Counting: Clicks are counted each time a user interacts with the ad by clicking on it.
2. Click-Through Rate (CTR)
CTR is the percentage of users who click on an ad after viewing it. It indicates the ad's relevance and attractiveness to the target audience. A higher CTR suggests that the ad resonates well with the audience. While average CTRs vary by industry, a good result might range between 2% and 5%.
Counting: CTR is calculated by dividing the total number of clicks by the total number of impressions and multiplying by 100.
3. Cost per Click (CPC)
CPC measures the average cost of each click on an ad. Monitoring CPC helps assess the cost efficiency of the campaign by determining the average cost incurred for each click generated. A lower CPC indicates efficient cost management and better return on investment.
Counting: CPC is calculated by dividing the total ad spend by the number of clicks.
4. Bounce Rate
Bounce Rate represents the percentage of users who leave a website or landing page without taking any further action after arriving. A lower bounce rate suggests that users find the website or landing page engaging and relevant. A good result might range between 30% and 50%, but it varies across industries and campaign goals.
Counting: Bounce Rate is calculated by dividing the number of visitors that leave a website before interacting with it in any way by the total number of visits and multiplying by 100.
5. Time on Site
Time on Site measures the average duration users spend on a website or landing page after clicking on an ad. A longer time on site indicates user engagement and interest in the website's content. The desired duration varies based on the nature of the website, but a good result might range between 1-3 minutes.
Counting: Time on site is calculated by tracking the duration of each visit and averaging the results.
Monitoring and analyzing these metrics can guide marketers in optimizing their traffic campaigns. Take them into consideration if you’re aiming at increasing click-through rates, reducing bounce rates, and driving valuable traffic.
The Lead Generation campaign objective revolves around capturing and acquiring potential customers' information, such as names and email addresses. Its primary focus is to build a database of interested prospects, allowing businesses to nurture and convert them into loyal customers through subsequent marketing efforts.
You might want to launch a lead generation campaign for providing valuable resources, such as e-books, whitepapers, or guides, that can encourage users to exchange their contact information. Lead generation campaigns are also ideal for promoting webinars, workshops, or events, or offering exclusive discounts or special deals.

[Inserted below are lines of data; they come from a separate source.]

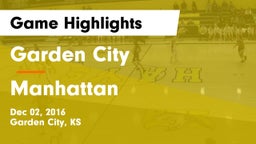 Garden City  vs Manhattan  Game Highlights - Dec 02, 2016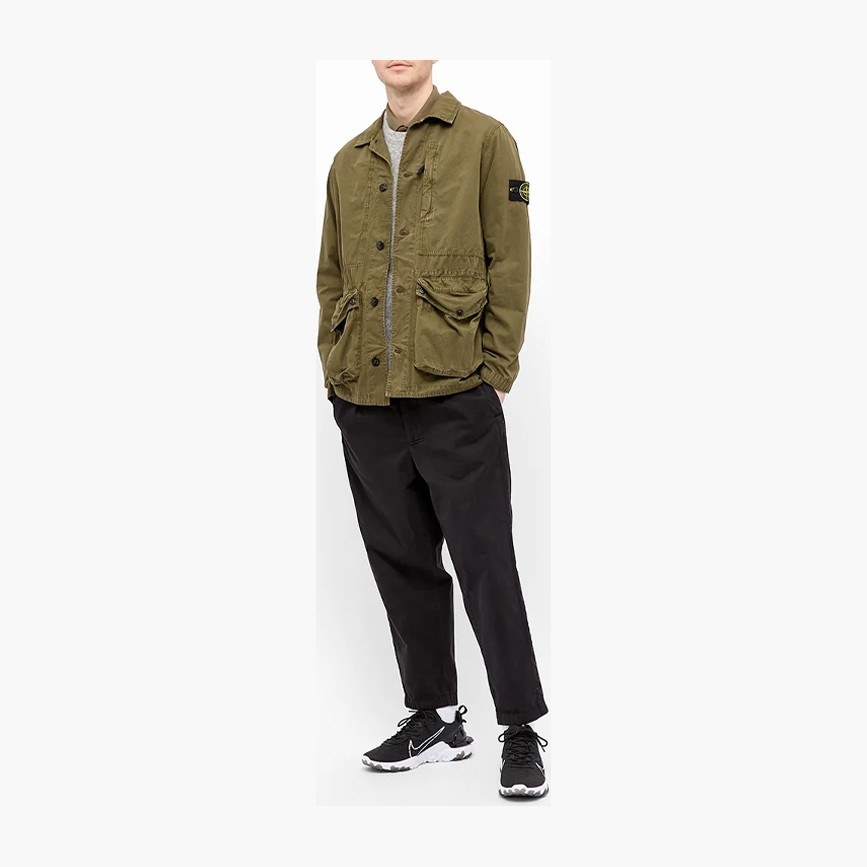 Stone Island SS21 Olive Jacket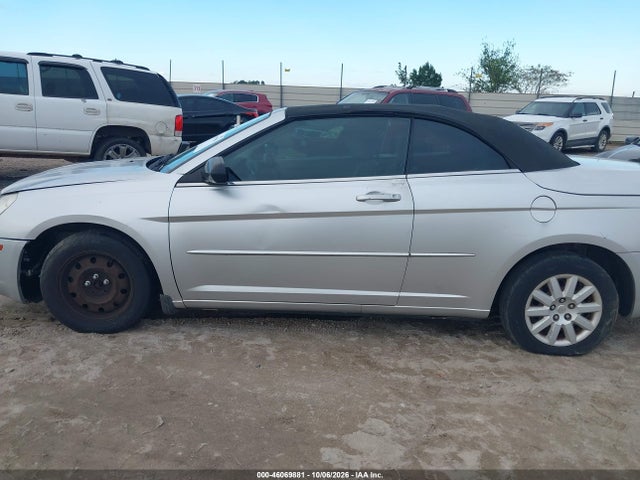 2008 Chrysler Sebring Lx მანქანა იყიდება აუქციონზე, vin: 1C3LC45K18N209448, აუქციონის ნომერი: 46069881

To track the effectiveness of lead generation campaign it’s essential to keep track of the following metrics:
1. Conversion Rate
Conversion Rate measures the percentage of users who take the desired action, such as filling out a form or providing their contact information. A higher conversion rate indicates the campaign's effectiveness in generating leads. While average rates vary by industry, a good result might range between 2% and 5%.

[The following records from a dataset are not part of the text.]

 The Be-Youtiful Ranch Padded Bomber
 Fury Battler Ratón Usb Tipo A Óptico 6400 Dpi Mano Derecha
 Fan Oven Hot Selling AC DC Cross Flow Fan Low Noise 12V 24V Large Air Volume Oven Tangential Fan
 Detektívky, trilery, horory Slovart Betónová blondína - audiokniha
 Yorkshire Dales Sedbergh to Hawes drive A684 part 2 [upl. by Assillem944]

Counting: Conversion Rate is calculated by dividing the number of conversions (leads) by the number of ad interactions or clicks and multiplying by 100.
2. Cost per Lead (CPL)
CPL quantifies the average cost incurred for acquiring each lead or conversion. Monitoring CPL helps evaluate the campaign's cost-effectiveness by calculating the average expense incurred to generate each lead. A lower CPL suggests efficient cost management and a better return on investment.
Counting: CPL is calculated by dividing the total ad spend by the number of leads.
3. Lead Quality
Lead Quality evaluates the relevance and value of acquired leads by considering factors such as demographics, interests, or engagement levels. Evaluating lead quality helps businesses prioritize and focus on leads with higher conversion potential.

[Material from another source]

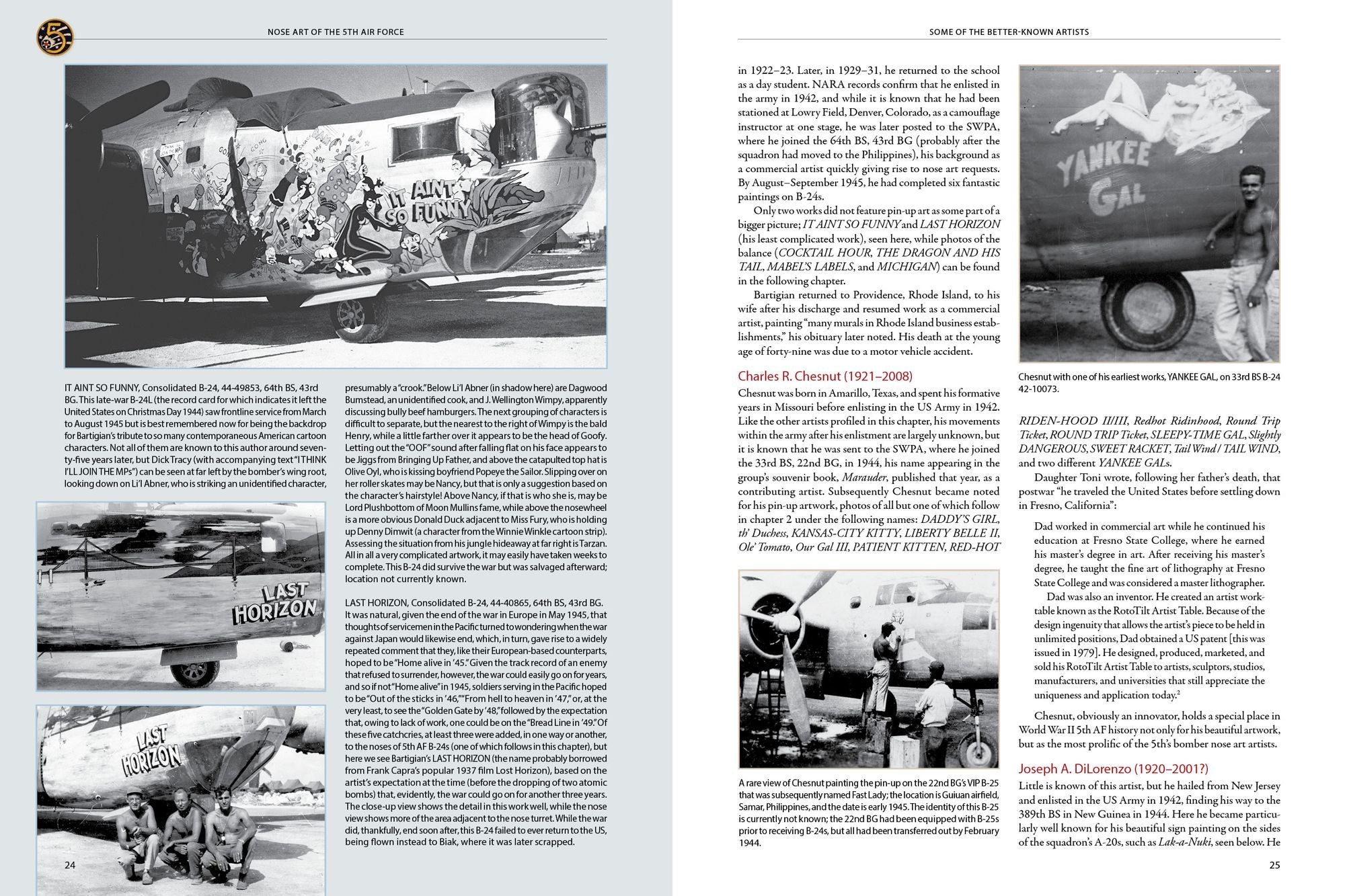 Nose Art of the 5th Air Force: Pin-Ups and More, 1942-1947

Counting: Lead quality is typically assessed through manual or automated evaluation processes based on predefined criteria.
The following metrics allow marketers to improve their lead capture strategies, refine lead nurturing processes, and improve overall conversion rates, ultimately driving business growth and revenue.
The Brand Awareness campaign objective aims to enhance brand visibility and recognition among the target audience. Unlike campaigns focused on specific actions or conversions, the primary goal of an awareness campaign is to create a lasting impression, generate awareness and establish brand presence.
Awareness campaigns are the best choice when it comes to introducing a new brand or undergoing rebranding efforts. For launching new products, an awareness campaign generates interest and curiosity among potential customers, setting the stage for future consideration and purchase. Awareness campaigns are also suitable for promoting events, raising awareness about social causes or important public service messages.
Important metrics to monitor when launching brand awareness campaign are:
Monitoring the reach of your ad provides insights into the number of unique users exposed to your message, reflecting the campaign's potential impact on a broad audience. A higher reach suggests increased exposure and potential for brand awareness.
Counting: Reach is calculated by aggregating the total number of unique users exposed to the brand's messaging through various mediums.
2. Share of Voice
Share of voice refers to the brand's visibility and share of conversations in a specific industry or market. A higher share of voice signifies a stronger brand presence and a larger portion of relevant conversations.
Counting: Take the number of your brand mentions, divide it by the total number of any brand mentions in the market, and multiply by 100.
3. Brand Recall
Brand recall measures the audience's ability to remember and recognize a brand after exposure to a campaign or ad. A higher brand recall indicates that the campaign successfully resonates with the audience and leaves a lasting impression. The desired result varies, but a good recall rate might range between 40% and 60%.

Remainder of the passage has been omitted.